I wish you the best!

CD


----------



## Caslon (Jul 24, 2018)

Thanks Casey.

I Googled food grade nitrogen cylinders. That'll cost me $70 at least. A standard rubbermaid type container will do.  I think if I look hard enough I can find a one way vent valve of some kind, tho I may have to purchase 100 of them minimum ($100). I'd cut the lid and glue that in. I'd need to find a small gas intake nipple  and glue that onto the lid, and then find a compatible tank and hose connector to inject the gas from the tank. I'd make a comparison to see if it extends the freshness to a degree that warrants the overall projected cost and touted benefits. 

I envision it as a product that will appear on QVC or HSN within 5 years.
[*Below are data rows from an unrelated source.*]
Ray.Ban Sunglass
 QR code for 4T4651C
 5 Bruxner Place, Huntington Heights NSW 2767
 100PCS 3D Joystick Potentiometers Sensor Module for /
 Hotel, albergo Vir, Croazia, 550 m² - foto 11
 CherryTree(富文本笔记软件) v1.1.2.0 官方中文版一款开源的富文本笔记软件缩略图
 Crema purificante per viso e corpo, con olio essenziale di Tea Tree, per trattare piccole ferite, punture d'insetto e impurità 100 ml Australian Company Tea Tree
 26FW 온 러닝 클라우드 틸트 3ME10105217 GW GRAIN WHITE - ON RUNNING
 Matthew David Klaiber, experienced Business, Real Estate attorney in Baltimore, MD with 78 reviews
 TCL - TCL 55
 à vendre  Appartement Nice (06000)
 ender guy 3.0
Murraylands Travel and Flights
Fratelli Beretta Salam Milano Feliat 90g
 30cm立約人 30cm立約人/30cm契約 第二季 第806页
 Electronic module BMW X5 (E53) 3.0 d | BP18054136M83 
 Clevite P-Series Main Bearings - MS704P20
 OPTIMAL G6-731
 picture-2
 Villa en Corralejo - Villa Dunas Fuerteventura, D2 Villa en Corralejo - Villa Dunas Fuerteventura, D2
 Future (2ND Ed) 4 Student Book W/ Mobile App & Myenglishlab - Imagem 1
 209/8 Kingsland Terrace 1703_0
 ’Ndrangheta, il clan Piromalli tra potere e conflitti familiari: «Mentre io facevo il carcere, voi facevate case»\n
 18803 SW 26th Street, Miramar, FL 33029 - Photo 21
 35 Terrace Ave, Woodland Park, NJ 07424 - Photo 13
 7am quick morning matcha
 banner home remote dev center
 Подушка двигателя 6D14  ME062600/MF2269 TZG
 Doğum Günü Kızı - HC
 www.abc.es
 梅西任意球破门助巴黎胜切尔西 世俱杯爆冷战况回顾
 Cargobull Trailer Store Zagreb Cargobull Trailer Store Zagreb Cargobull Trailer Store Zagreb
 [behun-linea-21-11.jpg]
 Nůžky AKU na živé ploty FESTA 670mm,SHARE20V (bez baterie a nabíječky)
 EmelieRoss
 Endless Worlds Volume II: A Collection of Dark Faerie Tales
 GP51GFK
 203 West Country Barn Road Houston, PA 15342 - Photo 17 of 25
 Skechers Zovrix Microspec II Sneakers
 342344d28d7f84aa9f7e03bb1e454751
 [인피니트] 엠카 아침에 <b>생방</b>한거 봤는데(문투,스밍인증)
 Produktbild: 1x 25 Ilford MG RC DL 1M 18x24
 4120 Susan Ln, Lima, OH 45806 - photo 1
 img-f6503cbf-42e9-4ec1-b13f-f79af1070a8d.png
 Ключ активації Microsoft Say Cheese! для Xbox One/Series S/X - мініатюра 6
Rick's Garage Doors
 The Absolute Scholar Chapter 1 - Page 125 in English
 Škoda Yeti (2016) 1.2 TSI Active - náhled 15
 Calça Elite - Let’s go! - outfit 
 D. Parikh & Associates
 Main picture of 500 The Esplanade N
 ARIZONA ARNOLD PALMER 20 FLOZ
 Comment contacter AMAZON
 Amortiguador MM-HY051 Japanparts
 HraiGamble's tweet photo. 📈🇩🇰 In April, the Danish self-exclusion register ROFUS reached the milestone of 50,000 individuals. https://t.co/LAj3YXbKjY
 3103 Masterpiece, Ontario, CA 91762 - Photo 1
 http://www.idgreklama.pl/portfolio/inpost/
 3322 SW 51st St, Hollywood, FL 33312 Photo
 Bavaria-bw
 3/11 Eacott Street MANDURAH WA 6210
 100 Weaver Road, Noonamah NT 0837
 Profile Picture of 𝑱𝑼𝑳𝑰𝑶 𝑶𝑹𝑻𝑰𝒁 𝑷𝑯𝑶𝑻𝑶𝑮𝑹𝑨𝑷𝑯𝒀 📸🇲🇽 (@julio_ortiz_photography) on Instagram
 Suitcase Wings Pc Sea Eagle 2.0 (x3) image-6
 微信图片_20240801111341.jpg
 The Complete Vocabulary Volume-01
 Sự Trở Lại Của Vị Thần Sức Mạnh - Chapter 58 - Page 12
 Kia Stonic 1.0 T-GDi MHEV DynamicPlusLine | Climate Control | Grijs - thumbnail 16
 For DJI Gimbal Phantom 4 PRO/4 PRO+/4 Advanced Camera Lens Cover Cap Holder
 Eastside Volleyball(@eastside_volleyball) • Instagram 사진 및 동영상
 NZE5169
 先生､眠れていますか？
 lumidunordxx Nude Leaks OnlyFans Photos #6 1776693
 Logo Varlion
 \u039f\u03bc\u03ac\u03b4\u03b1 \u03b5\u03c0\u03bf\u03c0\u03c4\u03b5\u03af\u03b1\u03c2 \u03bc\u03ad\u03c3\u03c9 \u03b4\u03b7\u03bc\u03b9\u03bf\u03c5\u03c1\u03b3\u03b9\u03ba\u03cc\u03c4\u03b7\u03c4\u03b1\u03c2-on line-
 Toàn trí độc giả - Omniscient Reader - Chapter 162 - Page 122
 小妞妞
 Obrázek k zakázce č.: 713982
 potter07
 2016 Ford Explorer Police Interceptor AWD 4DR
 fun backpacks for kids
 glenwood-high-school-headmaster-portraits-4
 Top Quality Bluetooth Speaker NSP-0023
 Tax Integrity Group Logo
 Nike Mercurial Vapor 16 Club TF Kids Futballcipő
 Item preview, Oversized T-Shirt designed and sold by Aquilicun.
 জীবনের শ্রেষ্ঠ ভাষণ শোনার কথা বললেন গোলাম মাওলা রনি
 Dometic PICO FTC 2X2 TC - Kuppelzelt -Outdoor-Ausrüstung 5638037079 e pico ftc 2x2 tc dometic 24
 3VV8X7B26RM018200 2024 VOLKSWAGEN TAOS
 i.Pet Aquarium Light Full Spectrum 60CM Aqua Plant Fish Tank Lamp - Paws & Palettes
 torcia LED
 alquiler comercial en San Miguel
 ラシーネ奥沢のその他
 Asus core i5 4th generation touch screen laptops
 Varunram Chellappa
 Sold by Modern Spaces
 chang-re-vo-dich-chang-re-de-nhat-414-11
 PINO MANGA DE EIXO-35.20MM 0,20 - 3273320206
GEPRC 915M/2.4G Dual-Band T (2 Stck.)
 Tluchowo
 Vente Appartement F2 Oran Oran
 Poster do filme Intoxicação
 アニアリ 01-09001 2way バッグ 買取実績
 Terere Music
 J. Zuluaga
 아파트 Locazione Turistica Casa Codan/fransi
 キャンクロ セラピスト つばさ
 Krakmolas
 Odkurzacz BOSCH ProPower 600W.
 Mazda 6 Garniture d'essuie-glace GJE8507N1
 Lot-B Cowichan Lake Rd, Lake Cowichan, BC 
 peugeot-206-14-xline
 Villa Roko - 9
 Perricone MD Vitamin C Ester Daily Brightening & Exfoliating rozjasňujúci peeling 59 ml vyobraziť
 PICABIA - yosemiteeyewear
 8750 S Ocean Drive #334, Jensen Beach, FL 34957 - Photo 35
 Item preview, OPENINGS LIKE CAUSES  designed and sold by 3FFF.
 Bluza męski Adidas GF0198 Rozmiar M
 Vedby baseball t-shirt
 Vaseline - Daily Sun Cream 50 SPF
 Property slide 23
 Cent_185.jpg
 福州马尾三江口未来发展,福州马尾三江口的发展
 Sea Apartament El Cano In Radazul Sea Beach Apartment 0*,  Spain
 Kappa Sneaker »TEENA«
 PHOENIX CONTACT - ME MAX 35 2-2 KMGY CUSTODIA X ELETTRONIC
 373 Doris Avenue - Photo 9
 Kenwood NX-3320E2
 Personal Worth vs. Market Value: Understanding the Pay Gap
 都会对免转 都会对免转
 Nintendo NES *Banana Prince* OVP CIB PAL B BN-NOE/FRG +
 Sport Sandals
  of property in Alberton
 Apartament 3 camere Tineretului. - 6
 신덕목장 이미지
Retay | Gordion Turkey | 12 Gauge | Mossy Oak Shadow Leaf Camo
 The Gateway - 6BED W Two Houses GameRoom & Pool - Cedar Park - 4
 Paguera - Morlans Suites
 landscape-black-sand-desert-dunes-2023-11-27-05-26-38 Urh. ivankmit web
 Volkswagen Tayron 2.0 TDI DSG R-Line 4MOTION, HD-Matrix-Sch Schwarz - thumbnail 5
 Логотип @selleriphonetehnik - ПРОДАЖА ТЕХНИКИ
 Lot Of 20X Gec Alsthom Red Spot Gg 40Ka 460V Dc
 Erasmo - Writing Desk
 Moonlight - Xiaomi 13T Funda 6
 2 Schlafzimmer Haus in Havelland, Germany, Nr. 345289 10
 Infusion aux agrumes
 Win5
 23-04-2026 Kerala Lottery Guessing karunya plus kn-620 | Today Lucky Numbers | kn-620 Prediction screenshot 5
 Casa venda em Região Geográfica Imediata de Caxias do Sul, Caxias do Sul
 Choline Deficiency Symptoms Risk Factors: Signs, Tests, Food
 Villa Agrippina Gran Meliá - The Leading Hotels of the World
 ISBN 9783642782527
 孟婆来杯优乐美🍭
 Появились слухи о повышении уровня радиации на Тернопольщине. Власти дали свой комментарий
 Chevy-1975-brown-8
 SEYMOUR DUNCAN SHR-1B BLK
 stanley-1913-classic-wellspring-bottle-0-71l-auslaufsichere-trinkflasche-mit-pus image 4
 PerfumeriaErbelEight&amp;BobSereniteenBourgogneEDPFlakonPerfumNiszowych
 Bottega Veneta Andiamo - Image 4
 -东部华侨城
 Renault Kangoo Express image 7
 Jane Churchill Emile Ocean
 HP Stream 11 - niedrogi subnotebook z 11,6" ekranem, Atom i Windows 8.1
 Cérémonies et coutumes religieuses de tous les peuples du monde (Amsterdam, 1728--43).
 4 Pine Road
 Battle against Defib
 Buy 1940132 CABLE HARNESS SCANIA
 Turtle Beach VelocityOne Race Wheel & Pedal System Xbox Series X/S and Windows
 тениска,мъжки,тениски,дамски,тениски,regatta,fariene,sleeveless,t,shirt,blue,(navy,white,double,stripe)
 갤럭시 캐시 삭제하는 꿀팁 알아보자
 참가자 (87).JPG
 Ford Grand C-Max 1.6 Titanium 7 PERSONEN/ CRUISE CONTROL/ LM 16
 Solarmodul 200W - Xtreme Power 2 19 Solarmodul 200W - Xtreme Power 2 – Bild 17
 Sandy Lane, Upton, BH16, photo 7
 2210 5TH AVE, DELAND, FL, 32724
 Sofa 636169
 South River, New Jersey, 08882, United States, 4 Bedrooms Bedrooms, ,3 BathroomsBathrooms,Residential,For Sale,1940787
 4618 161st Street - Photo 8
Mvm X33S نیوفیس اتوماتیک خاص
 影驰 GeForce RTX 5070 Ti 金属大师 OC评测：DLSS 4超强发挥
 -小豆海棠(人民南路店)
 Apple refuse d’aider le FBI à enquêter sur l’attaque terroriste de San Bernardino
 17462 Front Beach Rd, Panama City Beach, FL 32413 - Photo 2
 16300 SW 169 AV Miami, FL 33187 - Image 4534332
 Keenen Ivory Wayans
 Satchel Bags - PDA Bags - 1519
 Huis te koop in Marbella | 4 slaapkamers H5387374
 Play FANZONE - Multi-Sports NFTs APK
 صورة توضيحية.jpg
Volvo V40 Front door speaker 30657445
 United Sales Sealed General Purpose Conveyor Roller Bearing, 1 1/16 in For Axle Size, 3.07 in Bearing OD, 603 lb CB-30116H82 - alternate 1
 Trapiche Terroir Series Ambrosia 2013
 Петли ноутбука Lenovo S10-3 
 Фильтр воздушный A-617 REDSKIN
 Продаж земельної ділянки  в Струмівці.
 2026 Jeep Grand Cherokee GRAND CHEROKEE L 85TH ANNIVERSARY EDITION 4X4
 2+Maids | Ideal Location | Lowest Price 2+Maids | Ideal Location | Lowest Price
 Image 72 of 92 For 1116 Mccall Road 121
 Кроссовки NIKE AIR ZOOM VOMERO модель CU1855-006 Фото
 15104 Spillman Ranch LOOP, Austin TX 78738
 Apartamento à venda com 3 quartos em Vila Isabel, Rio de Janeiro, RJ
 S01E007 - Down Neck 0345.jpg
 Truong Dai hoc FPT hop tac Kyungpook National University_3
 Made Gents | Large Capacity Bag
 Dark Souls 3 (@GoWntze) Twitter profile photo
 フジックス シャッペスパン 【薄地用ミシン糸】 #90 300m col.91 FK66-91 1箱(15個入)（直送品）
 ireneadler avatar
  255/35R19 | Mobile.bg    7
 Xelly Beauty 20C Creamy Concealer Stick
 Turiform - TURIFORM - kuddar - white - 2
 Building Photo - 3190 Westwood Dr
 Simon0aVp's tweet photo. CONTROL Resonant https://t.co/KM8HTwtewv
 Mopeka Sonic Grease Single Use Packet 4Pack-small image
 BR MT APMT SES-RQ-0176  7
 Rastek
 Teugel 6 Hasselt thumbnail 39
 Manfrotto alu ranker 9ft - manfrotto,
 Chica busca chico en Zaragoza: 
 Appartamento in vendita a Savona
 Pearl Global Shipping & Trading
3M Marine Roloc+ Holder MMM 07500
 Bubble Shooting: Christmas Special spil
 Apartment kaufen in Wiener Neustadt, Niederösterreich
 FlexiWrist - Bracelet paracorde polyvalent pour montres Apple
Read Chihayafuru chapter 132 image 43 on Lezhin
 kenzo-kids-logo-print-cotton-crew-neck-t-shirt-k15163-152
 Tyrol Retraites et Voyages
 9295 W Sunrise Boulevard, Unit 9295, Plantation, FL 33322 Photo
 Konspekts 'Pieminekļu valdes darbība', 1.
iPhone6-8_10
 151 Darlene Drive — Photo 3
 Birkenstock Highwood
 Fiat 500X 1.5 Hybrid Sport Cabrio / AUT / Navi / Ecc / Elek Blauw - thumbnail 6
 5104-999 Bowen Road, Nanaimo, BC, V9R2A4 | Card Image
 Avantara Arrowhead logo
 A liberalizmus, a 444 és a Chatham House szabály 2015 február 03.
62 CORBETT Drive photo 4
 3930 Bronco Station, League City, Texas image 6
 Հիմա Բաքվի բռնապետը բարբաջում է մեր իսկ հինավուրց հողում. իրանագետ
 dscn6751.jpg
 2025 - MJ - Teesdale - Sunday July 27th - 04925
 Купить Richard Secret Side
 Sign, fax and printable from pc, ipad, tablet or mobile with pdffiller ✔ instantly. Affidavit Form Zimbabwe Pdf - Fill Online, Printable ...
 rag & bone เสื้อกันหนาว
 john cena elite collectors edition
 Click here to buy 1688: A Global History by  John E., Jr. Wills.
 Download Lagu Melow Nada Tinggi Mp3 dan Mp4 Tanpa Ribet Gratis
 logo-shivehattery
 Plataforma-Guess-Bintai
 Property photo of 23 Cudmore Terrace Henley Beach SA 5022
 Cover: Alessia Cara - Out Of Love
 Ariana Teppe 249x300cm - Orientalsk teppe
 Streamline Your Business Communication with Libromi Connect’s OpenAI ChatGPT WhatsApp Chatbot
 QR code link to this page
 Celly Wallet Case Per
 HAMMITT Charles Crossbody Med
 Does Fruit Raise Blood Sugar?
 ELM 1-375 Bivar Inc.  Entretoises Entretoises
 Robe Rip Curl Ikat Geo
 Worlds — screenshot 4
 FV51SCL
The exact opposite of sucking gas out,  rather, putting gas in.       Crazy? Maybe.


----------



## Andy M. (Jul 24, 2018)

Sounds like an interesting idea. I'd love it if I could keep my fresh produce long enough to eat it rather than it's rotting and being tossed.

Keep in mind that if you don't use all of the food in a container at the same time, the containers would have to be re-charged after each opening/closing.


----------



## Caslon (Jul 24, 2018)

Andy M. said:


> Sounds like an interesting idea. I'd love it if I could keep my fresh produce long enough to eat it rather than it's rotting and being tossed.
> 
> Keep in mind that if you don't use all of the food in a container at the same time, the containers would have to be re-charged after each opening/closing.



The buyer would have to keep in mind,  this might be a way to keep produce fresh, but not  if accessed every day.


----------



## Mad Cook (Jul 27, 2018)

The thing that comes to mind is "Why?". For how long do you want to keep food? nto the next millennium? If you are thinking about Armageddon you should bear in mind that there probably wouldn't be any nitrogen cylinders available. The principle of refridgeration was invented nearly 200 years ago and household ones were available from about 1913. I can only assume this new idea is a man thing similar to reinventing the wheel.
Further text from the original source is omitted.